Matthew 7:21. Not every one that saith to me, Lord, Lord. Christ extends his discourse farther: for he speaks not only of false prophets, who rush upon the flock to tear and devour, but of hirelings, who insinuate themselves, under fair appearances, as pastors, though they have no feeling of piety. This doctrine embraces all hypocrites, whatever may be their rank or station, but at present he refers particularly to pretended teachers, who seem to excel others. He not only directs his discourse to them, to rouse them from the indifference, in which they lie asleep like drunk people, but also warns believers, not to estimate such masks beyond their proper value. In a word, he declares that, so soon as the doctrine of the Gospel shall have begun to bear fruit by obtaining many disciples, there will not only be very many of the common people who falsely and hypocritically submit to it, but even in the rank of pastors there will be the same treachery, so that they will deny by their actions and life what they profess with the mouth. Whoever then desires to be reckoned among the disciples, must labor to devote himself, sincerely and honestly, to the exercises of a new life.

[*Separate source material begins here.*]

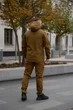 Комплект мужской Intruder SoftShell "Reef" S койот с шевроном (1118174093) - изображение 5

In the Gospel of Luke, it is a general reproof: Why call you me Lord, Lord, and do not the things which I say? But as this corruption proceeds, for the most part, from pretended teachers, and easily finds its way from them into the whole body, so, according to Matthew, our Lord expressly attacks them. To do the will of the Father not only means, to regulate their life and manners, (as philosophers talked ) by the rule of virtues, but also to believe in Christ, according to that saying,
|This is the will of him that sent me, that every one which seeth the Son, and believeth on him, may have everlasting life,| (John 6:40.)
These words, therefore, do not exclude faith, but presuppose it as the principle from which other good works flow.
22. Many will say to me Christ again summons hypocrites to his judgment-seat, as we showed a little ago from Luke. So long as they hold a place in his Church, they both flatter themselves and deceive others. He therefore declares, that a day is coming, when he will cleanse his barn, and separate the chaff and straw from the pure wheat. To prophesy in the name of Christ is, to discharge the office of teacher by his authority, and, as it were, under his direction. Prophecy is here, I think, taken in a large sense, as in the fourteenth chapter of the Epistle to the Corinthians. He might have simply used the word preach, but purposely employed the more honorable appellation, in order to show more clearly, that an outward profession is nothing, whatever may be its brilliancy in the eyes of men. To do wonderful works in the name of Christ is nothing else than to perform miracles by his power, authority, command, and direction: for, though the word homologeso, powers, is sometimes confined to one class of miracles, yet in this and many other passages it denotes every kind of miracles.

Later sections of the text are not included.